Um estudo da proptech Pilar, baseado em 342 mil registros de Imposto sobre Transmissão de Bens Imóveis (ITBI) entre janeiro de 2025 e junho de 2026, aponta que a Santa Cecília movimentou R$ 154 milhões no semestre. O número de transações na região subiu de 14 para 27, colocando o bairro entre os 12 maiores mercados de luxo da capital.
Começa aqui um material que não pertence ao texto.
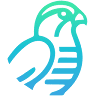 FALCON CODE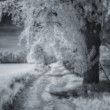 IR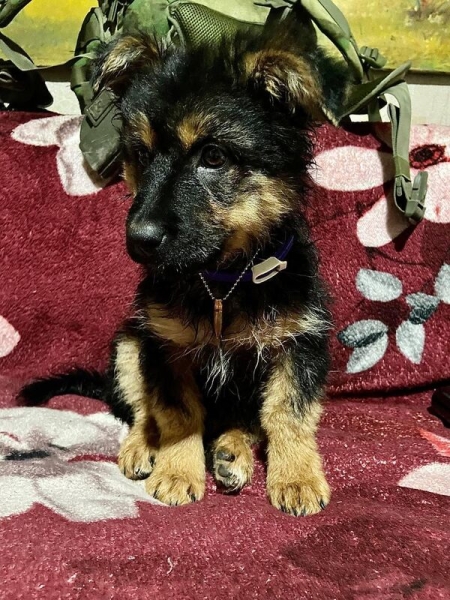 Разведчик Кастет о том, как наши солдаты прикрывают друг друга своими телами и выхаживают щенков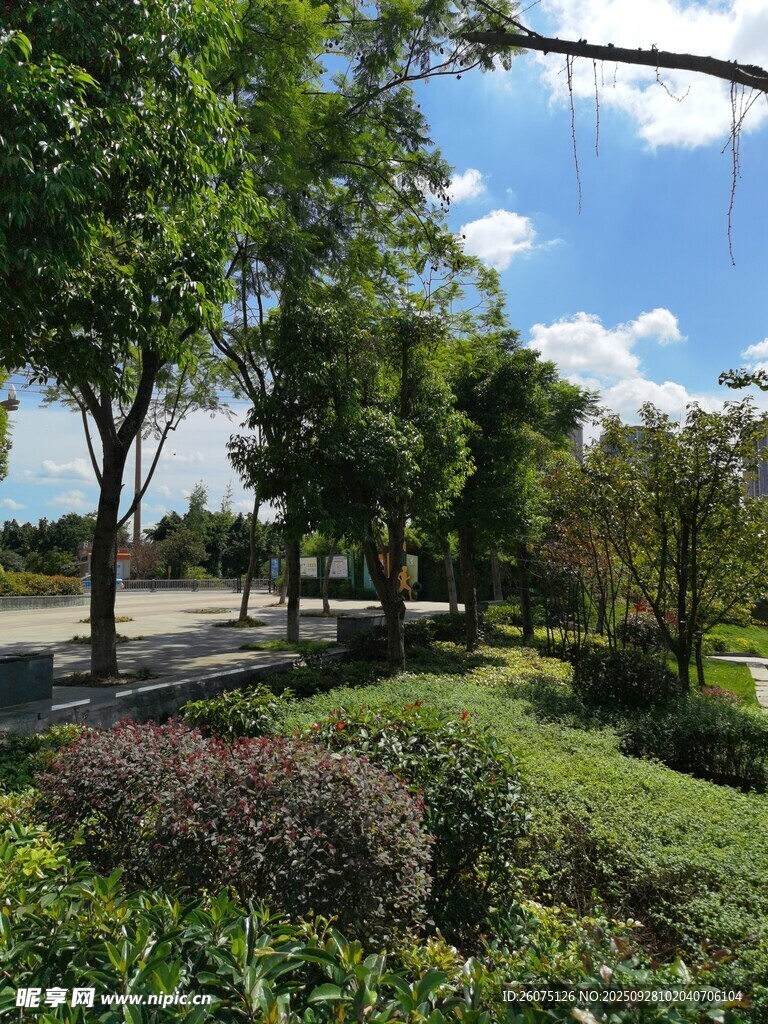 城市林蔭道旁的綠植景觀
Renato Zimmermann, fundador e CEO da Zimmermann Imóveis, explica que parte desse crescimento ocorre porque imóveis próximos à Avenida Angélica e Rua Veiga Filho são estatisticamente classificados como Santa Cecília, embora o mercado os perceba como Higienópolis. Ele afirma que a expectativa pela nova sede do governo do Estado nos Campos Elíseos, com investimento de R$ 6 bilhões, atrai investidores para a região.
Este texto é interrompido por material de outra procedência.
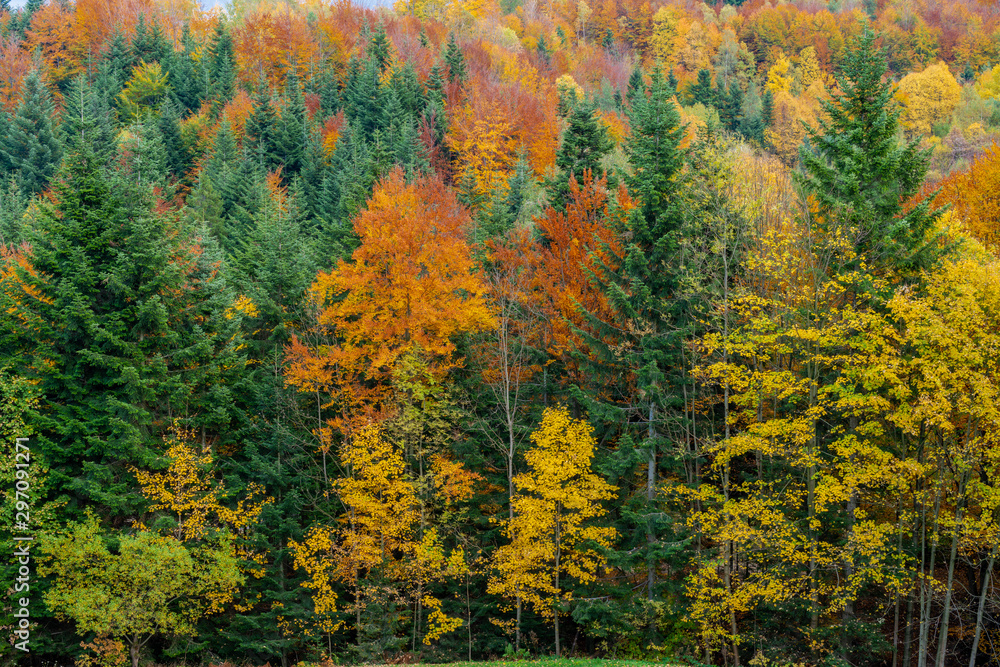 Forest in the autumn season Forest in the autumn season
A Vila Nova Conceição manteve a liderança do setor, movimentando R$ 853 milhões no período, alta de 46,6% em relação ao ano anterior. No Itaim Bibi, o volume financeiro subiu 21,6%, chegando a R$ 674 milhões, impulsionado pelo aumento do ticket mediano, que saltou de R$ 4,6 milhões para R$ 5,75 milhões.
O Jardim América subiu para a terceira posição do ranking ao movimentar R$ 562 milhões, crescimento de 430,8%. O resultado foi influenciado pela venda de uma residência na Rua México por R$ 230 milhões, a maior transação registrada na base de dados da Pilar.
Em contrapartida, Pinheiros apresentou recuo de 14,6% no número de transações e queda de 16,1% no ticket mediano. Zimmermann classifica o cenário como uma saturação absoluta de produto, argumentando que a mudança no perfil do bairro e o excesso de lançamentos reduziram a atratividade para o público de altíssima renda.